As a frustrated engineer, or at least as somebody who has known a few, I’ve seen this happen over and over again, and I often found myself asking this very question. What if we could “have our cake and eat it”? What if it was possible to quickly deliver the data warehouse without racking up mountains of technical debt, or at the very least creating technical debt that is much easier to digest? Wouldn’t that be something? And so HOOK was conceived.

As you will see, there is nothing new or revolutionary about the HOOK approach. If you have worked in and around the Data and Analytics space in the past few decades, you will be familiar with Ralph Kimball’s Dimensional modelling or Dan Linstedt’s Data Vault. These methodologies have been applied to the data warehouse with varying degrees of success. As you will see while reading this book, HOOK borrows heavily from their work. If you are comfortable with star schema or hub and spoke designs, then you’ll be right at home with HOOK. However, you will see that HOOK takes a slightly different approach.

Before delving into the WHAT and HOW of the HOOK approach, we need to understand WHY we need it.

What is a Data Warehouse?

Data Warehousing is not a new thing; Bill Inmon, widely regarded as the father of the data warehouse, coined the term back in the 1980s, and you would have thought that we would have figured it out by now. Yet, every day, we read stories of projects going off the rails: late delivery, budget overruns and solutions that are not fit for purpose. It keeps happening.

I have a theory about why this happens, but before we get into that, we should probably make sure we have a common understanding of what we mean by “Data Warehouse”.

The title of this book is “The Hook Cookbook: Data Warehousing Made Simple”, so we should be clear on what we mean by a “Data Warehouse”. I’m sure you will have some notion of what a data warehouse is, but can you define it?

Bill Inmon, widely regarded as the father of the Data Warehouse, originally came up with this definition.

“A data warehouse is a subject-oriented, integrated, time-variant and non-volatile collection of data in support of management’s decision-making process.”
~ W.H. Inmon circa 1990

Inmon has since revised this definition, largely in response to the growing popularity of the Data Vault.

“A data warehouse is a subject-oriented, integrated (by business key), time-variant and non-volatile collection of data in support of management’s decision-making process, and/or in support of auditability as a system-of-record.”
~ W.H. Inmon (circa 2018)

Of course, other definitions exist. In the 1990s, Ralph Kimball introduced dimensional modelling as an approach to data warehousing, focussing more on making enterprise data easier to access and query.

“A data warehouse is a copy of transaction data specifically structured for query and analysis.”
~Ralph Kimball

Kimball’s definition is valid, but for me, the Inmon definition, particularly the revised version, is more robust. But I will point out that the two definitions are not mutually exclusive, which I will touch upon later in the book.

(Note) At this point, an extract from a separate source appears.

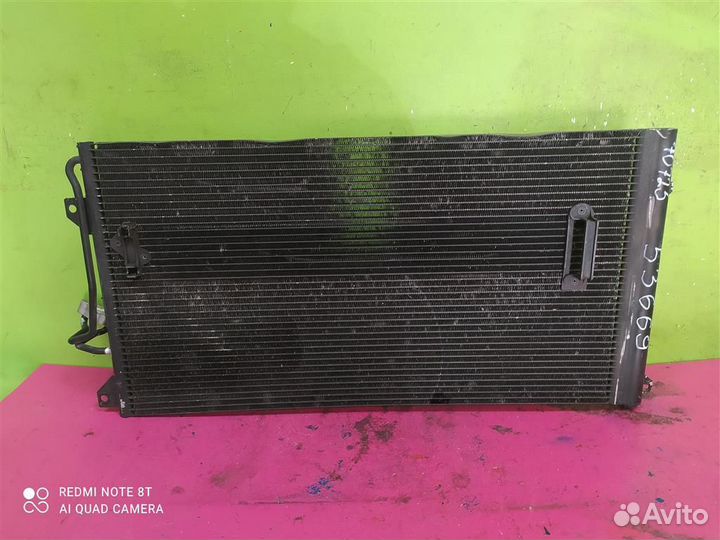 Радиатор кондиционера Audi Q7 VW Touareg 1 Cayenne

Of these two definitions, I prefer Inmon’s, particularly the 2018 revised version, and it is the definition I have kept in mind while developing Hook.

I have highlighted four terms in this definition, which I call the Inmon Criteria[1]. I will revisit these criteria in Chapter 1 (Architecture) to demonstrate which parts of the architecture HOOK targets. So what do each of the criteria mean?

Subject Oriented

It depends on what you mean by “Subject”, but the essence of this criterion is data within the data warehouse should be organised around the Business vocabulary. We want to use business terminology, not the terminology used within the originating source system. For example, an HR system may refer to employees as clients. The term client might have no meaning to the Business, so why use it within the data warehouse?

Integrated

All too often, data loaded into the data warehouse remains aligned to the originating source system, which leads to siloes of data that are difficult to navigate. Data relating to a business concept, such as Customer, might be found in more than one source system. Can we easily answer the question, “Where is my Customer data?” We need to integrate the data from all source systems so that all customer data is logically (sometimes physically) grouped within the data warehouse. According to Inmon, integration implies that the data is transformed into common structures. Transformation of data is not strictly part of a HOOK Warehouse as we will see later, but it does make provision for it.

Time-variant

Whereas an operational system will maintain an “as-current” view of its data, the data warehouse should provide a historical record of all events. The data warehouse will record any changes from the source system (if provided) as new data. You can think of the data warehouse as providing a fossil record of the business’ activities.

Non-volatile

As with fossil records (and putting religious arguments to one side), we cannot change historical data. We must chronicle the facts as they occurred. Once recorded, we can never change them. And so it is with the data warehouse. Once we have stored the data, we cannot change it. The data is immutable. However, data within source systems are updated frequently, so the data warehouse has the responsibility to record those changes as new facts whilst retaining previous versions of the data. Therefore, the data warehouse provides a full audit of events[2]. How we interpret that historical record is a different matter.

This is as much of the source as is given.